Get in car, house pulls up and the lights are off

I’ve been spending so much time arguing with people who seem hell-bent against me doing things the way they should be done (because I’ve fixed just enough screw-ups in my day to know when to spot a problem barreling at me like a runaway freight train) that, well, a screw-up of my own was pretty much inevitable.

Nobody died or anything. In fact, all I have to say is that some impeccable copy went out to people who were supposed to receive it. I know what the bigger problem is, but that’s an argument that is about two pay grades up. The more-immediate problem is that I’ve lost so many senseless battles this week that I just assumed this was a task I could crank out and feel like I achieved something.

(I was wholly opposed to the task itself on a fundamental level. So I sort of did the Band-Aid thing with it — just rip it off, get it overwith and fugettaboutit.)

Besides, you give me a task, I do it. I do not sit on it or wonder what the hell just happened. (Well, not most of the time.)

What burns my ass is that if the Internet had just gone down a half-hour earlier, I wouldn’t have had people about four pay grades above mine in my cubby asking what the hell just happened. 🙂

OK, what really kills me is how much time you spend in a day making everything “just so” and helping your stars to shine and banging the other, ah, wire hangers into some sort of shape that you can’t beat them with. You correct a dozen mistakes in a day but when you make one? It’s on a grand level. My mistakes are few, but boy are they public. *sigh*

I think my people understand that you just get tired and you just juggle everything in and that you’re on autopilot, mostly. It’s like when you’re so tired at night that “you get in the car and the house pulls up.” You don’t know how you get through a day sometimes — you just do, and that’s victory enough.

Anywho, the tornado watch of yesterday brought storms that wiped out the power all over metro D.C. for several hours. We had to give up at work around 5 — it was my battery backup dying that did me in, not to mention that all the local cafes with free Wi-Fi were also sitting in the dark, too, so I was screwed on all accounts.

There wasn’t a functional traffic light anywhere that I had to travel, which let me tell you that there is ONLY so much joy that I can take in a day. Yarr. While there were cops directing traffic at some of the main intersections, you just couldn’t trust your fellow D.C./Md./Va. drivers to exert courtesy anywhere else. It was spectacularly frightening.

Worse still was taking the freeway, which I did because there are no traffic lights.

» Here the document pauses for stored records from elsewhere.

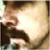 :iconharryknapp:
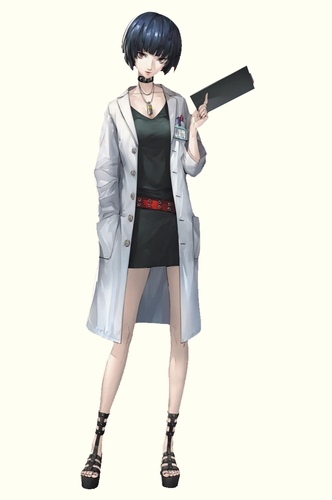 武见妙.png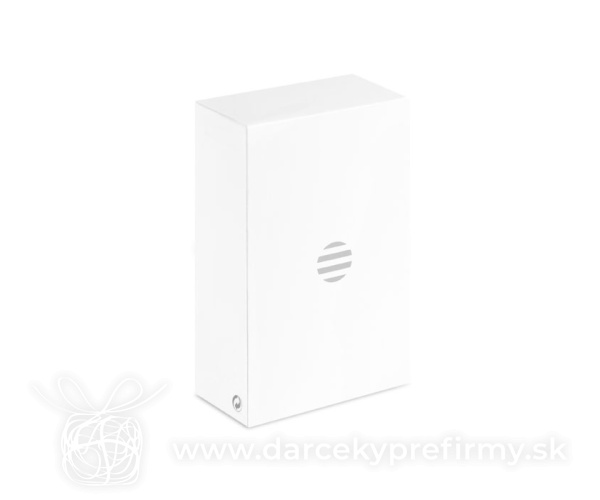 CURVY - Bezdrátová myš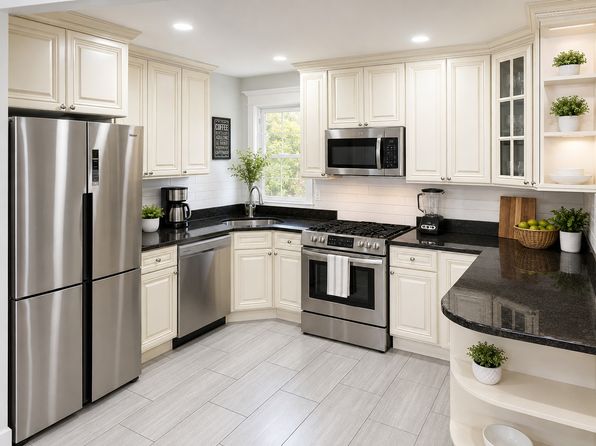 75 Saint Johns Pl Floor 2, New Rochelle, NY 10801 – 3-bedroom rental in New Rochelle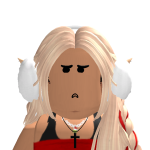 @avaninumber1fan11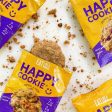 Oatmeal & Raisin  Happy Cookie® 12-Pack on Sale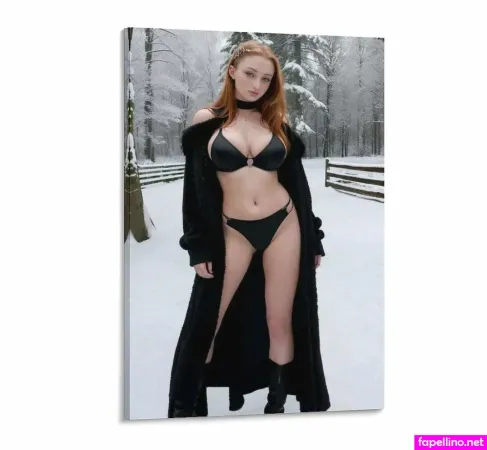 Sophieturner OnlyFans Thumbnail #C7zmtKEOCT
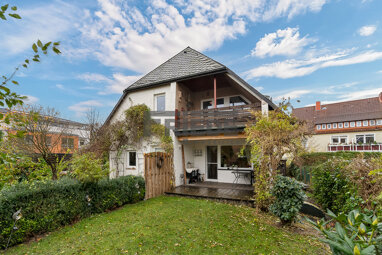 Mehrfamilienhaus zum Kauf 269.000 € 6 Zimmer 153 m² 461 m² Grundstück Uelzen Uelzen 29525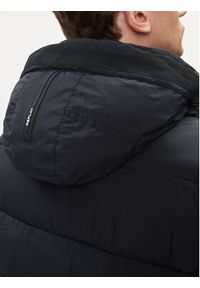 Replay - REPLAY Kurtka zimowa M8357.000.84732 Czarny Regular Fit. Kolor: czarny. Materiał: syntetyk. Sezon: zima #7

But the freeway was jammed with folks also giving up on working. But then the lights at the off-ramps weren’t working, so can we say clusterfuck, boys and girls? I’ll bet you can!

And of course there was no food at home, which was great because I didn’t lose anything in the power outage, but that meant A) braving the streets again, as it had turned into the Wild West of “it’s everybody’s turn!” at intersections, and B) oh yeah, where are the neighborhoods with functioning electricity?

I’m just so excited that it’s now 6:30 a.m. and I finally have everything (power, cable, Internet) back. I need to make an online purchase just to show Teh Intarwebs how much I missed them!